Assignment

Introduction

This project involves exploring the U.S. National Oceanic and Atmospheric Administration’s (NOAA) storm database. This database tracks characteristics of major storms and weather events in the United States, including when and where they occur, as well as estimates of any fatalities, injuries, and property damage. The analysis below will analyze the major storm events causing injuries and fatalities. Similarly, we will also examine the major Storm Event causing highest property damage.

Synopsis

The analysis on the storm event database revealed that tornadoes are the most dangerous weather event to the populations health. The second most dangerous event type is excessive heat. The economic impact of weather events was also analyzed. Flash floods and thunderstorm winds caused billions of dollars in property damages between 1950 and 2011. The largest damage to crops were caused by droughts, followed by floods and hailing.

The basic goal of this assignment is to explore the NOAA Storm Database and answer some basic questions about severe weather events. You must use the database to answer the questions below and show the code for your entire analysis. Your analysis can consist of tables, figures, or other summaries. You may use any R package you want to support your analysis.
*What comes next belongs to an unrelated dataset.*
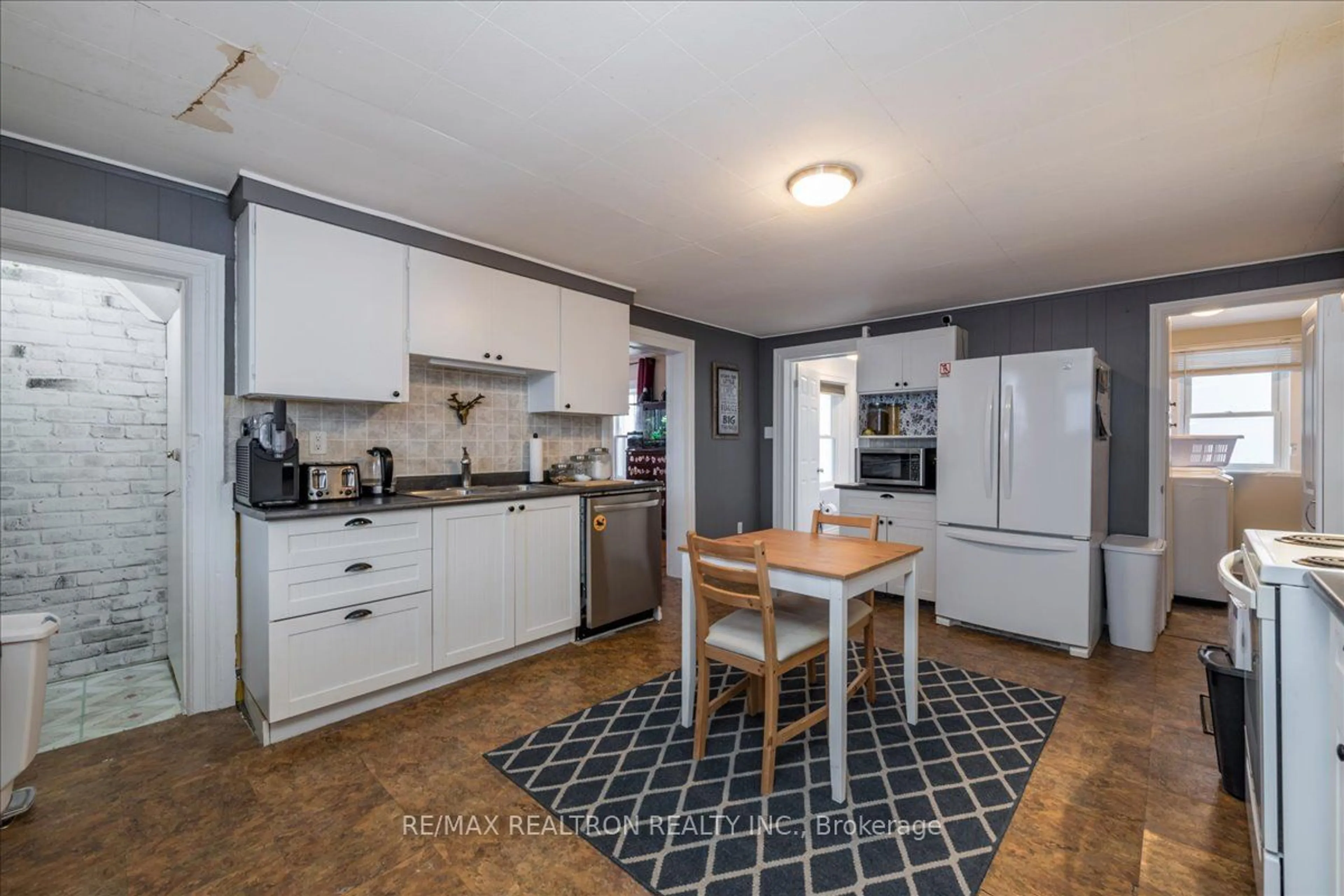 Open concept kitchen, unknown for 86 Henry St, Barrie Ontario L4N 1C8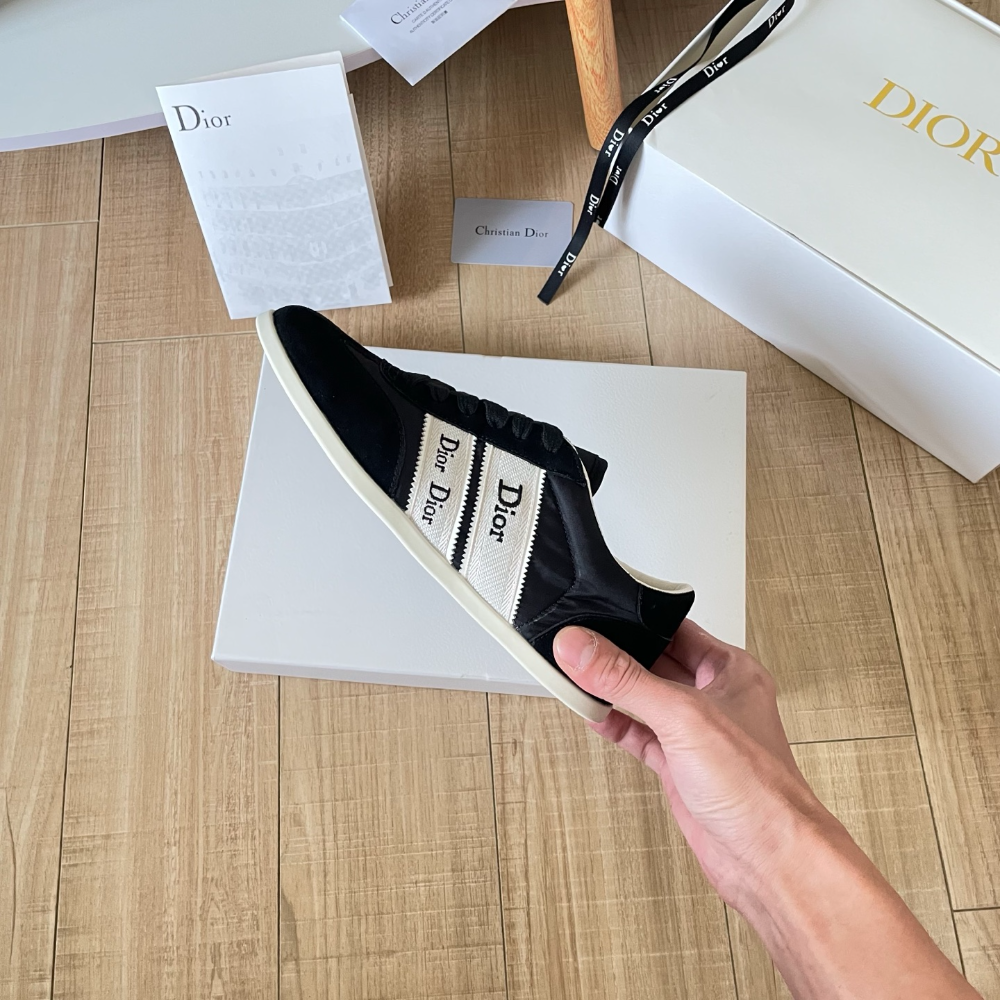 DEM365 New trendy black grey women's shoes men's shoes available in various colors excellent gift item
Data Processing LOADING and READING data

#required libraries
library("ggplot2")
library("gridExtra")
library("R.utils")

#download from url and bunzip
fileurl<-"https://d396qusza40orc.cloudfront.net/repdata%2Fdata%2FNOAA_storm_data.csv.bz2"
filepath <- file.path(getwd(), "repdata_Fdata_FNOAA_storm_data.csv.bz2")
download.file(fileurl,filepath)
#unzip and read 
bunzip2("repdata_Fdata_FNOAA_storm_data.csv.bz2", overwrite = F)
NOAA_storm_data <- read.csv("repdata_Fdata_FNOAA_storm_data.csv", sep = ",")

# other files
fileurl<-"https://d396qusza40orc.cloudfront.net/repdata%2Fpeer2_doc%2Fpd01016005curr.pdf"
filepath <- file.path(getwd(), "repdata_Fpeer2_doc_Fpd01016005curr.pdf")
download.file(fileurl,filepath)

fileurl<-"https://d396qusza40orc.cloudfront.net/repdata%2Fpeer2_doc%2FNCDC%20Storm%20Events-FAQ%20Page.pdf"
filepath <- file.path(getwd(), "repdata_Fpeer2_doc_FNCDC_0Storm_Events-FAQ_Page.pdf")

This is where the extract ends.